Everything you need to know about the world's great writers and emerging voices is being collected and shared on the English PEN Online World Atlas. Head over to the Atlas to create (or edit) a profile for your favourite author or book, leave a comment or contact another user, and discover your next great read. We believe that great writing has the power to change your life and change the world, one book at a time.

The Atlas is proud to be partnering with the Hay Festival's Beirut39 contest, celebrating Beirut's year as UNESCO World Book Capital, to find the hottest authors under 40 of Arabic origin. Nominations are open until August 24th, 2009.

Saturday, October 18, 2008

Life or Facebook?

There have been many apocalyptic articles bemoaning the death of sociality/literature/civilisation as we know it due to the advent of the internet, and particularly social networking. But what becomes clear when you spend any time on social networking sites (and I spend way too much time on Facebook) is that many of the groups are dedicated to promoting live events, and can reach an unprecedented audience of potential attendees. Just as Kutub's blog allows you to read along with a bookclub in Dubai, the Facebook groups for Jordan Poetry and Cairo's Diwan Bookstore give a picture of a thriving literary culture that's as much face-to-face as Facebook.

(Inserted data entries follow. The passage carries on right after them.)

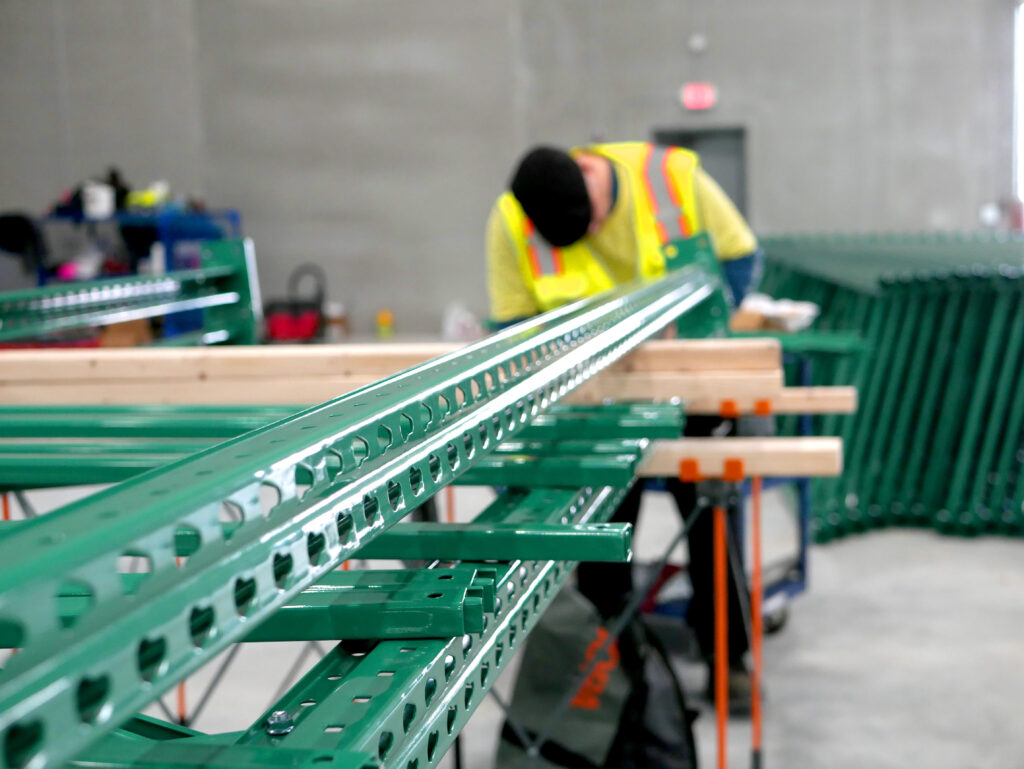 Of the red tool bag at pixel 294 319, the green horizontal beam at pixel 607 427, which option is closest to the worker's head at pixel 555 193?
the green horizontal beam at pixel 607 427

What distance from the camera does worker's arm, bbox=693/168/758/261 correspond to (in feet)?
13.9

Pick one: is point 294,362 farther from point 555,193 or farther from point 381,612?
point 381,612

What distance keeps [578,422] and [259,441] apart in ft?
4.52

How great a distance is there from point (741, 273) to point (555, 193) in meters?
1.20

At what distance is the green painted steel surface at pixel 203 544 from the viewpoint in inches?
26.6

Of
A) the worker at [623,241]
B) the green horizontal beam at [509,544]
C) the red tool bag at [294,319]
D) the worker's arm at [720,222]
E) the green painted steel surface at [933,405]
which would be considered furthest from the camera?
the red tool bag at [294,319]

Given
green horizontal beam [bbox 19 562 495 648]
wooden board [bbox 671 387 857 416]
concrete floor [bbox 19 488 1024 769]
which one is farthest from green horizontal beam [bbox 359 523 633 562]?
concrete floor [bbox 19 488 1024 769]

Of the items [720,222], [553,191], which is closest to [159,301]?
[553,191]

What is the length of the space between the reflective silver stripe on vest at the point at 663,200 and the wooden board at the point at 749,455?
1449 mm

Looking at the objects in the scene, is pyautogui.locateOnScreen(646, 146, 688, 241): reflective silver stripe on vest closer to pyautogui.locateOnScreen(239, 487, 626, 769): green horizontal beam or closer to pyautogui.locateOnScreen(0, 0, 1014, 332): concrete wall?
pyautogui.locateOnScreen(239, 487, 626, 769): green horizontal beam

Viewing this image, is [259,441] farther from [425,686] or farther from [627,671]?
[627,671]

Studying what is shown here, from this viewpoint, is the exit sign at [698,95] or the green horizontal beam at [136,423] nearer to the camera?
the green horizontal beam at [136,423]

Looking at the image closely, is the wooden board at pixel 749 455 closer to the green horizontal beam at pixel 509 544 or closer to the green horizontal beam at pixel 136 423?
the green horizontal beam at pixel 136 423

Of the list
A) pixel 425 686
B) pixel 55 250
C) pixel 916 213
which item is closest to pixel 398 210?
pixel 55 250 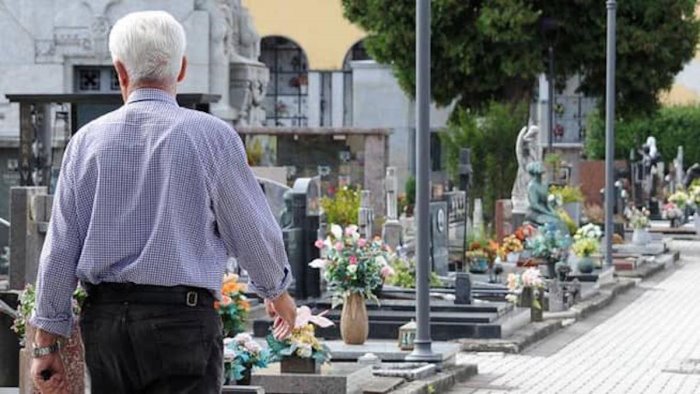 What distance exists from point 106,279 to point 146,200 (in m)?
0.26

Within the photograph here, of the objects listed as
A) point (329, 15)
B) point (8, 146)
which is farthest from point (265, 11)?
point (8, 146)

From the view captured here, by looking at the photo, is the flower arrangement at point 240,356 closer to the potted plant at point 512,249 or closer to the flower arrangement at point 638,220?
the potted plant at point 512,249

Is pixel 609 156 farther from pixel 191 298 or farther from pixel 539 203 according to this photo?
pixel 191 298

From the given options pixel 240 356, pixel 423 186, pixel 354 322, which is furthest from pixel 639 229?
pixel 240 356

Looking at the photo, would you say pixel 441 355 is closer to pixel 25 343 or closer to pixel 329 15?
pixel 25 343

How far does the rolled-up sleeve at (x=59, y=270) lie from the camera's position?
5.98 m

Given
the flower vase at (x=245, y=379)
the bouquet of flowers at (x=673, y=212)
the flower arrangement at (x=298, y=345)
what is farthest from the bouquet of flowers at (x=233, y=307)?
the bouquet of flowers at (x=673, y=212)

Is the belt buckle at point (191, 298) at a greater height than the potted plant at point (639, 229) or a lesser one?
greater

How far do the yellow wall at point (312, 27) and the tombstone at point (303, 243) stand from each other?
43.9 metres

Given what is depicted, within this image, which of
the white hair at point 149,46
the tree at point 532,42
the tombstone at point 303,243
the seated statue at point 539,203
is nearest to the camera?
the white hair at point 149,46

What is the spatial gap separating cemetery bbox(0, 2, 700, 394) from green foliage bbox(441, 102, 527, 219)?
0.10 m

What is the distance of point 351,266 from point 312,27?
5035cm

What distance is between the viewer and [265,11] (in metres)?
67.1

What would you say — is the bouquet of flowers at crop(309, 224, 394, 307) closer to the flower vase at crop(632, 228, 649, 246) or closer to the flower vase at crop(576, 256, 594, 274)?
the flower vase at crop(576, 256, 594, 274) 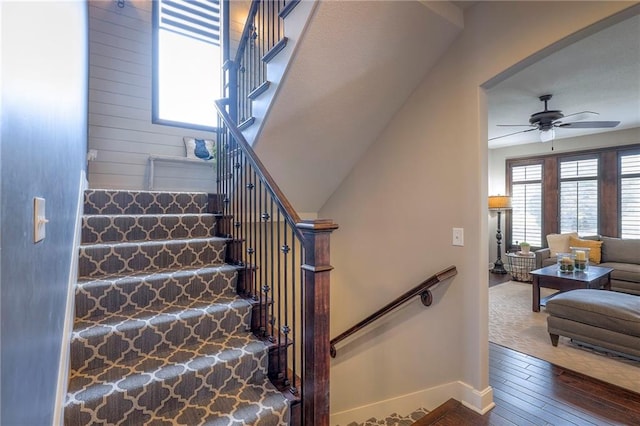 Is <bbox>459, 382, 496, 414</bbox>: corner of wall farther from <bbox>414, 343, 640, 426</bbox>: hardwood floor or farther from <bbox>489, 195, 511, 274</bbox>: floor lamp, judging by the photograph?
<bbox>489, 195, 511, 274</bbox>: floor lamp

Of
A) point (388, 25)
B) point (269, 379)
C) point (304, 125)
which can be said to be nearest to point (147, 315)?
point (269, 379)

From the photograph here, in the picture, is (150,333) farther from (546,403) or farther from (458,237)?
(546,403)

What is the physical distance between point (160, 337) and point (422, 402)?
2.05 metres

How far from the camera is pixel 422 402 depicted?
2525 millimetres

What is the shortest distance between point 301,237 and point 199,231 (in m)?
1.43

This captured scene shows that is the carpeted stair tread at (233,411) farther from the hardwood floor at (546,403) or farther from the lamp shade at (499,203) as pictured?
the lamp shade at (499,203)

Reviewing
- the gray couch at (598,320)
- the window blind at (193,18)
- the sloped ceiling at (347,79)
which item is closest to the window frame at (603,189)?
the gray couch at (598,320)

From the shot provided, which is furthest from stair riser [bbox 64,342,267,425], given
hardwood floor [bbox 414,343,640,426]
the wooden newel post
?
hardwood floor [bbox 414,343,640,426]

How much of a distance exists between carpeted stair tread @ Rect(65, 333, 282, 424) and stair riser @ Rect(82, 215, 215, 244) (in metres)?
1.05

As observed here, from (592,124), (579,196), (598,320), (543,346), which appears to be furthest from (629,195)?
(543,346)

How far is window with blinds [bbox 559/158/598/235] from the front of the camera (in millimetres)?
5930

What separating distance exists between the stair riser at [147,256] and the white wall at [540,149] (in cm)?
668

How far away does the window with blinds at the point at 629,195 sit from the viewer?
543 cm

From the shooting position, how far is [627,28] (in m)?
2.60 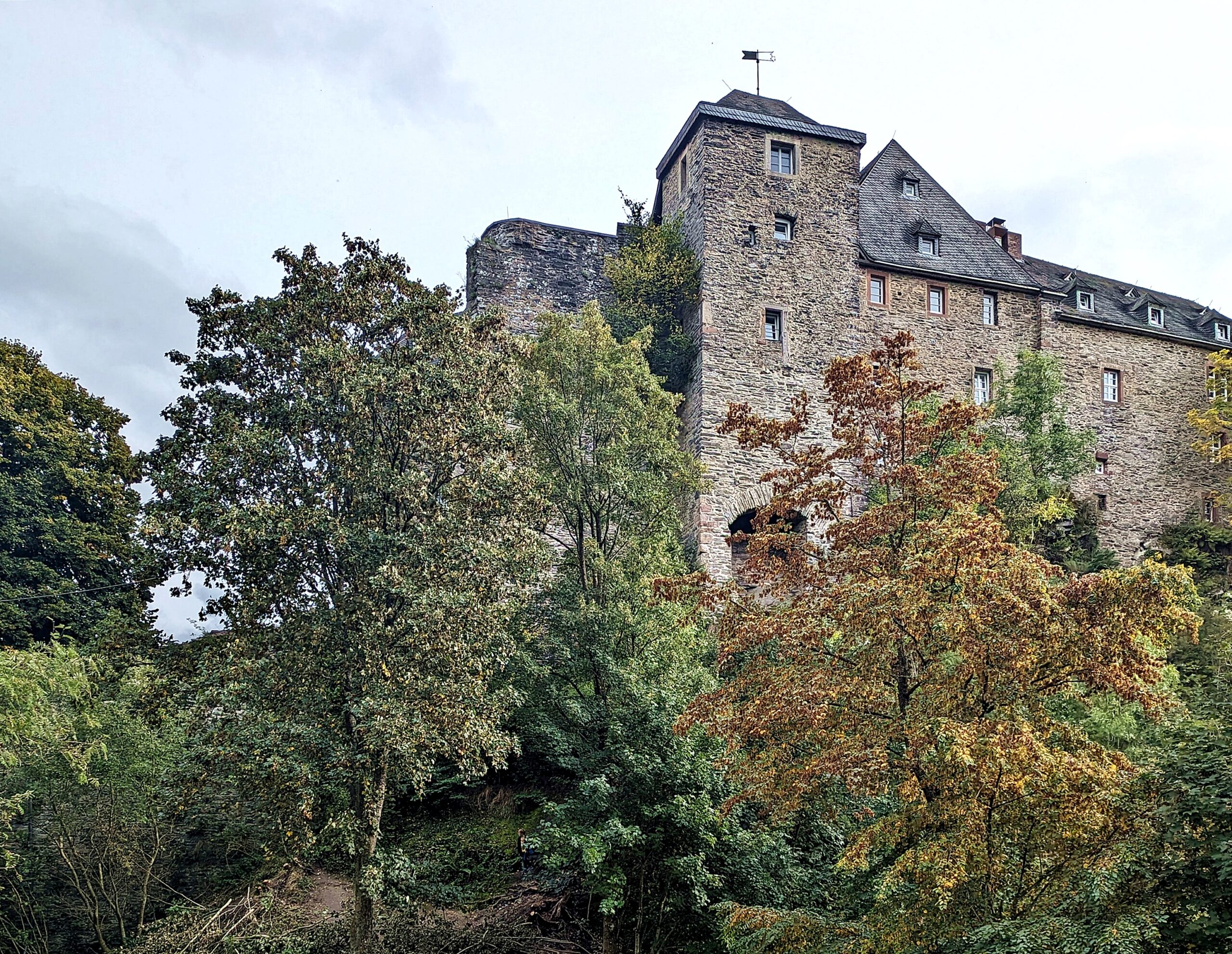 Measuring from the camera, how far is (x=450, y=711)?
13570 millimetres

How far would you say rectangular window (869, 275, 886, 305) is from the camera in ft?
101

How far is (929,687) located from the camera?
408 inches

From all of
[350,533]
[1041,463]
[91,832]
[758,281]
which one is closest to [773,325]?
[758,281]

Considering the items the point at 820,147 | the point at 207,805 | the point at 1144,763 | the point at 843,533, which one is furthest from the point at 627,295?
the point at 1144,763

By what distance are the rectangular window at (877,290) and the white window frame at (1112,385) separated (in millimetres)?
9571

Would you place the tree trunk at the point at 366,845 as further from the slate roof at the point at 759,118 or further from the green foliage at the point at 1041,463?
the slate roof at the point at 759,118

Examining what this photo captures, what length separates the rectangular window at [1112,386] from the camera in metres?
35.4

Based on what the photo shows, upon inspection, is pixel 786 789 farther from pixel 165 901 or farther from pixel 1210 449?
pixel 1210 449

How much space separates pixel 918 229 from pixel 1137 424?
1063cm

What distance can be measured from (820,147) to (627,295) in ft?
23.3

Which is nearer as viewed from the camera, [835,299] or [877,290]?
[835,299]

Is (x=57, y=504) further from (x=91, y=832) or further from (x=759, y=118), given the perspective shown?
(x=759, y=118)

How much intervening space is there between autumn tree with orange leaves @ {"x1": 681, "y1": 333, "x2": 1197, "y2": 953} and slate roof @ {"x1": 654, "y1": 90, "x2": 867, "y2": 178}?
1910 cm

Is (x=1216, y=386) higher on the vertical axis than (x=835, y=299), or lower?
higher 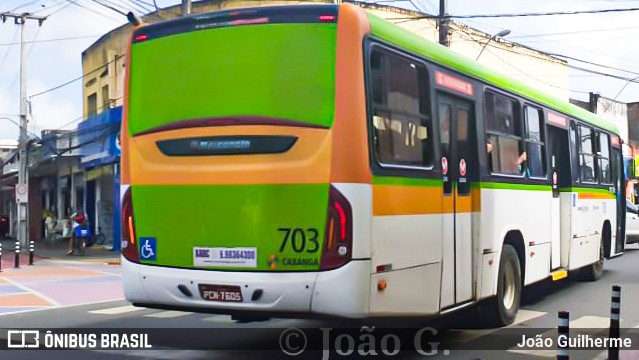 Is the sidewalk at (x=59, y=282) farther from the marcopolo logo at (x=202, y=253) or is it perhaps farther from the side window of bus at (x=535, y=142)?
the side window of bus at (x=535, y=142)

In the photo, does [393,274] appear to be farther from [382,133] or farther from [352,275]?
[382,133]

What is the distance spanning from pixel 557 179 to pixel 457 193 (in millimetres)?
→ 4206

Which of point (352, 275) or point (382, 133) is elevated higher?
point (382, 133)

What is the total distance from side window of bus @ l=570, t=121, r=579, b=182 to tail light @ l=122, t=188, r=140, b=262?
749 cm

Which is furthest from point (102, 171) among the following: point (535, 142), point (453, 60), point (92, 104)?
point (453, 60)

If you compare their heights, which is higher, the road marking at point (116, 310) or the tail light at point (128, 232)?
the tail light at point (128, 232)

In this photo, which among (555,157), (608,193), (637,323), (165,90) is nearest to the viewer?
(165,90)

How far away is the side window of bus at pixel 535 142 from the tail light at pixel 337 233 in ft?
15.4

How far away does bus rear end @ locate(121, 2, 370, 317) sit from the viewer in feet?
19.4

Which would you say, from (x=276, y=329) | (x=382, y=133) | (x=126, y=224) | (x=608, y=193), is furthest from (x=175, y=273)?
(x=608, y=193)

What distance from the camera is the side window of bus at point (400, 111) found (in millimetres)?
6242

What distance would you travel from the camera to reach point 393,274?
6234 millimetres

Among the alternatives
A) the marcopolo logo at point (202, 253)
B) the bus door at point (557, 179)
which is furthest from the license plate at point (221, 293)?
the bus door at point (557, 179)

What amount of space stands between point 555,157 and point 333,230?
21.3 ft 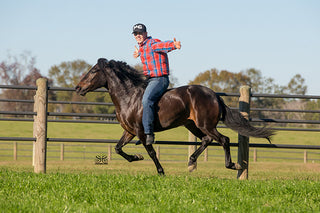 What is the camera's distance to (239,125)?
7570 mm

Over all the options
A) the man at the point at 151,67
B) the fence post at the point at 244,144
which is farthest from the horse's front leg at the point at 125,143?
the fence post at the point at 244,144

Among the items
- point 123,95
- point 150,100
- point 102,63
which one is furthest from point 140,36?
point 150,100

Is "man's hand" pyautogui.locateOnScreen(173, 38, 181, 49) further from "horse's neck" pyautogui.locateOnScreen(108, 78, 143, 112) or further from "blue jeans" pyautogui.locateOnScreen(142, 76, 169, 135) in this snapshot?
"horse's neck" pyautogui.locateOnScreen(108, 78, 143, 112)

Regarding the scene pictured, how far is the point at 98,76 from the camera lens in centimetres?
774

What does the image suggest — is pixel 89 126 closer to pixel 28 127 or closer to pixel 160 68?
pixel 28 127

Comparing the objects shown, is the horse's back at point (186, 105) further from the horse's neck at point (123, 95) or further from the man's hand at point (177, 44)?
A: the man's hand at point (177, 44)

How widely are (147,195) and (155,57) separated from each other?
110 inches

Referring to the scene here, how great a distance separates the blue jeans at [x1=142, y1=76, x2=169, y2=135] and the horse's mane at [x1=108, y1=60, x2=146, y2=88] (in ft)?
1.45

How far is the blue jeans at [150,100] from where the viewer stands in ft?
23.4

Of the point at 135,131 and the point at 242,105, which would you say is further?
the point at 242,105

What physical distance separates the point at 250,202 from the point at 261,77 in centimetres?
6399

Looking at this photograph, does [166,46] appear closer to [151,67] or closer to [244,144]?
[151,67]

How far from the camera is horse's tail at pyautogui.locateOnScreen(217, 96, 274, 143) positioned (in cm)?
755

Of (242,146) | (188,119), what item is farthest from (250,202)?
(242,146) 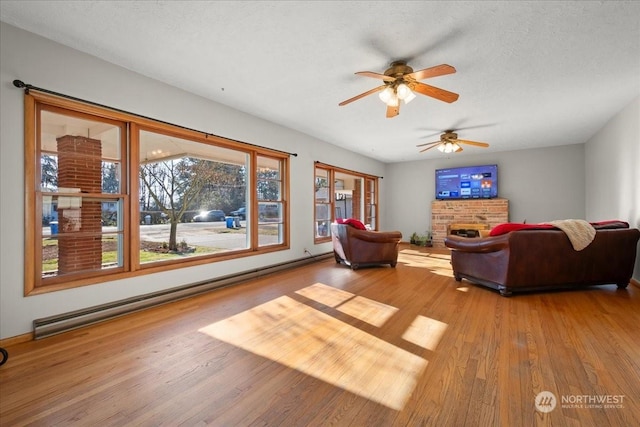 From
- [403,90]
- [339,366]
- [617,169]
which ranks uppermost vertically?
[403,90]

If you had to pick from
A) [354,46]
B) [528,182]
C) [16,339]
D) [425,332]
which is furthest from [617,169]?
[16,339]

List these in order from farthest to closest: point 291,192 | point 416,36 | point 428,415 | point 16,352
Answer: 1. point 291,192
2. point 416,36
3. point 16,352
4. point 428,415

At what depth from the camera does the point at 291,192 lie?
5148mm

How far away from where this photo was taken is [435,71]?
8.16 ft

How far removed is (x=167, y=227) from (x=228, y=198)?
0.99 m

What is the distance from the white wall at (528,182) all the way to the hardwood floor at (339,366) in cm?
423

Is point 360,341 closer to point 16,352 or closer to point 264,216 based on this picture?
point 16,352

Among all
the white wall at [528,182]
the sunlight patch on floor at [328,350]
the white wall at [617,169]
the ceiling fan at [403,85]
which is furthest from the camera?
the white wall at [528,182]

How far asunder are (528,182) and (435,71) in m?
6.18

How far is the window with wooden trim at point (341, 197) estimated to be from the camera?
247 inches

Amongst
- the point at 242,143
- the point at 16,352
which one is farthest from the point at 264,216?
the point at 16,352

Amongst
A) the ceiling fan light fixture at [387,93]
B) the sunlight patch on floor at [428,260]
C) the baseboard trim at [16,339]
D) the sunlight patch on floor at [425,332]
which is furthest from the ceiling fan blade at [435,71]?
the baseboard trim at [16,339]

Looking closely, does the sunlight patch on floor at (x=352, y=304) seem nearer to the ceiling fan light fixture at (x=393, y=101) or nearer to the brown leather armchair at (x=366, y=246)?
the brown leather armchair at (x=366, y=246)

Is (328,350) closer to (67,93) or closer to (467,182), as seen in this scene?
(67,93) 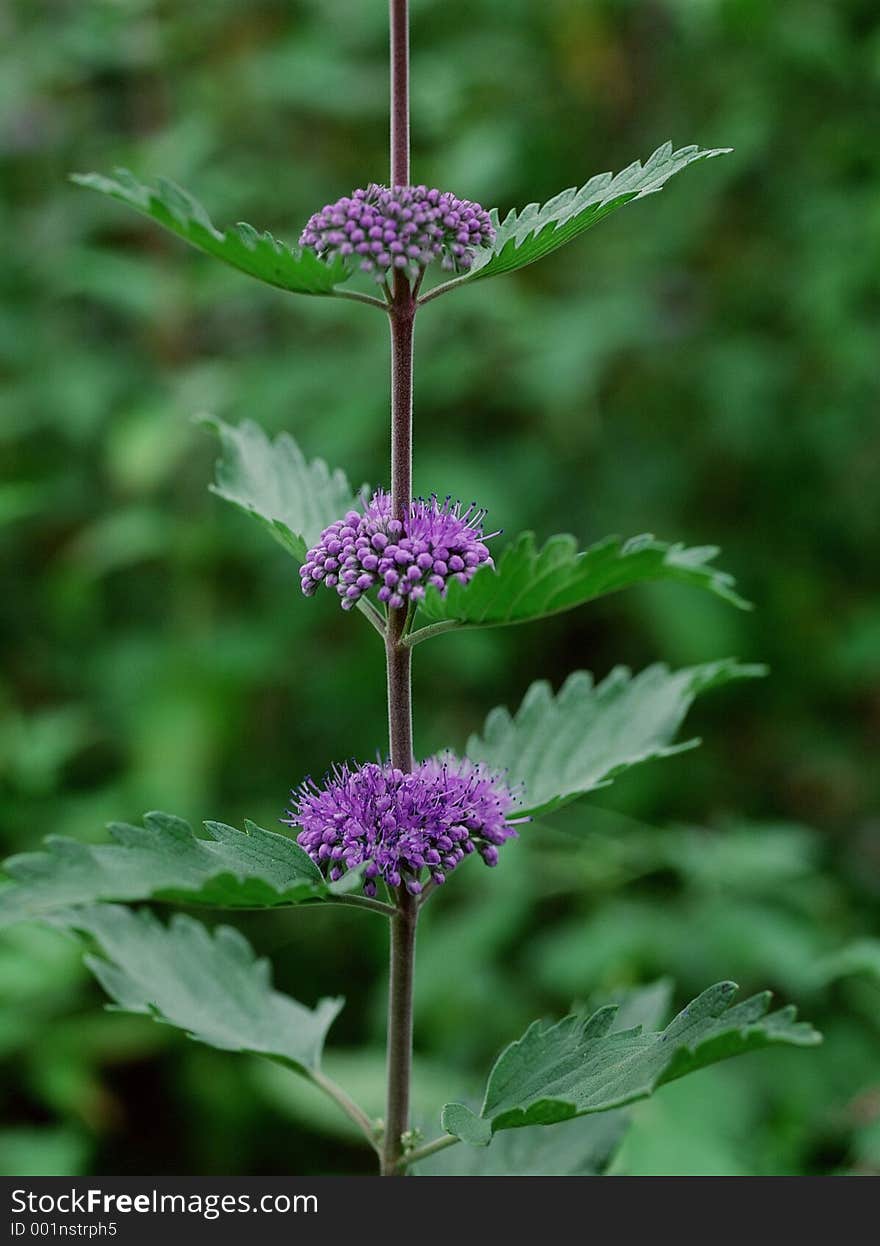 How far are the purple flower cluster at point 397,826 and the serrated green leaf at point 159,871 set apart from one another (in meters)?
0.05

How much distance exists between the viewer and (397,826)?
4.34ft

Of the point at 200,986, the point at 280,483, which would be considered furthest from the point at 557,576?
the point at 200,986

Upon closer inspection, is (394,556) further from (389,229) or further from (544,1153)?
(544,1153)

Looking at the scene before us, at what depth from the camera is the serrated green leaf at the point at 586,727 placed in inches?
61.1

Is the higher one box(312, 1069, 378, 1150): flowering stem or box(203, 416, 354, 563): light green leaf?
box(203, 416, 354, 563): light green leaf

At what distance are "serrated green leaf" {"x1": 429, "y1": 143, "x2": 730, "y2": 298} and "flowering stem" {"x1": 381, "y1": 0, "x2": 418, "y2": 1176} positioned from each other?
0.31 ft

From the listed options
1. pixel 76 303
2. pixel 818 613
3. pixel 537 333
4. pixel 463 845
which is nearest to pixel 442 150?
pixel 537 333

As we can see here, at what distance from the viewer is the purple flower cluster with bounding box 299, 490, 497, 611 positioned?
1.27 metres

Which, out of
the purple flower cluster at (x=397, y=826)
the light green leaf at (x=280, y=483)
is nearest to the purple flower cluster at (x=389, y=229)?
the light green leaf at (x=280, y=483)

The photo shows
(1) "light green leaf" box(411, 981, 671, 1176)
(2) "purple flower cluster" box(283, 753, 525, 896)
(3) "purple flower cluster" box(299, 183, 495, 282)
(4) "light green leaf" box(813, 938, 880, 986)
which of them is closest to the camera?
(3) "purple flower cluster" box(299, 183, 495, 282)

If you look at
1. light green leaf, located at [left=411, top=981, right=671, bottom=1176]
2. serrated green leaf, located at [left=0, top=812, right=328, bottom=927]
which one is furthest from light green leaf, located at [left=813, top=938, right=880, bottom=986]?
serrated green leaf, located at [left=0, top=812, right=328, bottom=927]

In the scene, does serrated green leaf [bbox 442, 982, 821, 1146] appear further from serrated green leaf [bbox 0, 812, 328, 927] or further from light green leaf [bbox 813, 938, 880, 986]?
light green leaf [bbox 813, 938, 880, 986]

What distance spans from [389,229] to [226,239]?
0.18 metres

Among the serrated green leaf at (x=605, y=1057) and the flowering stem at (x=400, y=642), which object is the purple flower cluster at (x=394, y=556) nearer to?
the flowering stem at (x=400, y=642) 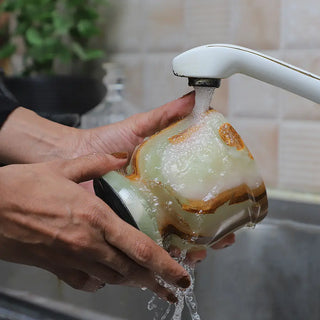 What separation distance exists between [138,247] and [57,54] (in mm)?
571

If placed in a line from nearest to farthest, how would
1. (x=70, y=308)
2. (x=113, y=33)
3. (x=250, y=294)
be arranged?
(x=70, y=308)
(x=250, y=294)
(x=113, y=33)

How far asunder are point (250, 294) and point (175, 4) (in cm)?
44

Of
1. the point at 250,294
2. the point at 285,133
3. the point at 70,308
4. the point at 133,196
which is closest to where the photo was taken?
the point at 133,196

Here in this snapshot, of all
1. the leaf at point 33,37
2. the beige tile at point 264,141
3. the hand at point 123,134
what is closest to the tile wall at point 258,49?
the beige tile at point 264,141

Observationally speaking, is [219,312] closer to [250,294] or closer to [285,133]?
[250,294]

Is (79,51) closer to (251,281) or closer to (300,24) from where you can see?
(300,24)

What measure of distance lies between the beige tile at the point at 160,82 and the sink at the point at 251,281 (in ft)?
0.84

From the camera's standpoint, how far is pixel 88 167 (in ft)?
1.26

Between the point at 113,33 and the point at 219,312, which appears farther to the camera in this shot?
the point at 113,33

Authors are increasingly savvy about using the internet to reach new readers -- and to shape their reputation. Celebrated Egyptian blogger and writer Marwa Rakha used Facebook to encourage her readers to review her book on Amazon. It sounds like a virtual whirl, but net users are conscious of real-life consequences, whether positive (increased book sales or event attendance, improved transcultural communication) or negative. That one writer, Adnan Okter, could get an injunction to block the website of Turkey's third-largest newspaper demonstrates -- uncomfortably -- the real-life power of the virtual world.